Try asking, “What have you tried so far?” or “What options do you see?”
You’re not withholding help, you’re building capability.
The first few times will feel slower. That’s okay. Speed isn’t the goal. Growth is.
2. Coach the thought process, not the outcome.
Instead of giving the answer, model how you’d think through it.
Let them see your reasoning, not just your result.
That transparency builds decision-making muscles across the team.
And once they learn how to think, they’ll surprise you with solutions you’d never find yourself.
3. Redefine what “good leadership” means.
Early leaders measure success by their personal impact, how many fires they put out.

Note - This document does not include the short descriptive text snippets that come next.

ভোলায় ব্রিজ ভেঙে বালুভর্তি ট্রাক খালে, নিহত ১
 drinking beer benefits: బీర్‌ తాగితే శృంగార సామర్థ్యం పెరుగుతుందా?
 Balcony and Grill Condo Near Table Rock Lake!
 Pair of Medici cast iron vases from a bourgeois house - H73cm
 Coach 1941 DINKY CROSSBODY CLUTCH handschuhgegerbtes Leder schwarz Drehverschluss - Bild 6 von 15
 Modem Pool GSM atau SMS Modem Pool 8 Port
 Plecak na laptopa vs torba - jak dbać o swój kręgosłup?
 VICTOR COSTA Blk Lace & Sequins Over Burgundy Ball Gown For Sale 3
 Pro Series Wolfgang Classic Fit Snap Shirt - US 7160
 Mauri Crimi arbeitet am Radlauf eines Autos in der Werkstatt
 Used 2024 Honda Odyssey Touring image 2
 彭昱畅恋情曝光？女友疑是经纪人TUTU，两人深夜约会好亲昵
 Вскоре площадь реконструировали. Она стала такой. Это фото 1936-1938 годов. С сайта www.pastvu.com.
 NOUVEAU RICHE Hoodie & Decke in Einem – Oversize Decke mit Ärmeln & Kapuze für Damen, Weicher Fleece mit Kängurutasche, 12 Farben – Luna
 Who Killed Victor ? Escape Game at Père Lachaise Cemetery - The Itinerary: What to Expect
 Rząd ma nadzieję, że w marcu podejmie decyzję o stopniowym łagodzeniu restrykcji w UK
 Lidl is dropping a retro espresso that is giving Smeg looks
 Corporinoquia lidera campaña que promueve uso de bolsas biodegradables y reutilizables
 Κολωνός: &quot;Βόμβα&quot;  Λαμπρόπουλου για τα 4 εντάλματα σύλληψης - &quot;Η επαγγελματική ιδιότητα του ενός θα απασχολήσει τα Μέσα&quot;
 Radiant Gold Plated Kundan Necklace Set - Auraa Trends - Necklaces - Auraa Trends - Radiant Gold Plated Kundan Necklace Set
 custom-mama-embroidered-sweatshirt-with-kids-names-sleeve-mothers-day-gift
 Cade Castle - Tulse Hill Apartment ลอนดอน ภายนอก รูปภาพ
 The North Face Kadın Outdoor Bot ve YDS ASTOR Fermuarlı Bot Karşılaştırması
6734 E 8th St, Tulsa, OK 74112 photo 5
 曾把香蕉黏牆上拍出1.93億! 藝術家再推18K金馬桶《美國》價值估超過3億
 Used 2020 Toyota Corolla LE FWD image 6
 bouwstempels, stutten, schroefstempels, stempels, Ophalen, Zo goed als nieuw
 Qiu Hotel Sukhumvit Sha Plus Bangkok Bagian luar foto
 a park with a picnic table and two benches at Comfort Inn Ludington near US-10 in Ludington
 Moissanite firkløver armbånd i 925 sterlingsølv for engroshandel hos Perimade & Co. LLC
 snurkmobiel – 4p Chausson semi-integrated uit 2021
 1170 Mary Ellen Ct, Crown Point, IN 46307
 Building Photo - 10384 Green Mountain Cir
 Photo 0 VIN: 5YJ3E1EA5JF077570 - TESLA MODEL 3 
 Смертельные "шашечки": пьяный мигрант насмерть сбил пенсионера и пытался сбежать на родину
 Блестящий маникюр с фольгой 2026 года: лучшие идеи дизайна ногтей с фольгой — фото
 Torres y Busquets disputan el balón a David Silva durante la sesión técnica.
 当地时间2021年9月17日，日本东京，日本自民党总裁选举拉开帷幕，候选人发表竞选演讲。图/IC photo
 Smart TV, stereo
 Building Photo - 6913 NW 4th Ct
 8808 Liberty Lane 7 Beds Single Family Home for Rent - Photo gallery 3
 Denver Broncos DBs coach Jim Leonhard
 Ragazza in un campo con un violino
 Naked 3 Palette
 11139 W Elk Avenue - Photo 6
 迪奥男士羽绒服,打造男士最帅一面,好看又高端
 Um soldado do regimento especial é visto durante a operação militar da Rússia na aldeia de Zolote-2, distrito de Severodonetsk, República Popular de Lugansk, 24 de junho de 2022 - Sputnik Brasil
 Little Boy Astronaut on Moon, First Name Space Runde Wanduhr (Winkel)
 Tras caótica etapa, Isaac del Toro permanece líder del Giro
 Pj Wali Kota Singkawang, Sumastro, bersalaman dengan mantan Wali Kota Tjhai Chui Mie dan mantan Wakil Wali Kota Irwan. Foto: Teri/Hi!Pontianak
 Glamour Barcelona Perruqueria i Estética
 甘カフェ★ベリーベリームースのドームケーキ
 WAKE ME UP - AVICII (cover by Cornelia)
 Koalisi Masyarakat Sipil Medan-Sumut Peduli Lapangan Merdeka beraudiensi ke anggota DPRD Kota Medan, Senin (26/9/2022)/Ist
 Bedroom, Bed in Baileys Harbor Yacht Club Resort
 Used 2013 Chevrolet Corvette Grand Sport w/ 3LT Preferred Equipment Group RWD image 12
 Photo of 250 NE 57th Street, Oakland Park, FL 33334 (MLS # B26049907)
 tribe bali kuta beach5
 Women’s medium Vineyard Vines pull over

Mature leaders measure success by what happens when they’re not there.
When your team can operate, decide, and adapt without you, that’s real progress.
Leadership isn’t about doing more.
It’s about creating the conditions for others to do more.
When you stop being the bottleneck, the whole team moves faster.
This week, notice the moments when your instinct is to jump in.
When you hear yourself saying, “It’s faster if I just do it,” that’s your signal.
Ask yourself:
Is this about getting it done, or building someone who can?
Because leadership isn’t about being the hero who fixes everything.
It’s about building a team that doesn’t need one.
If that feels uncomfortable, you’re doing it right.
Growth often starts with letting go.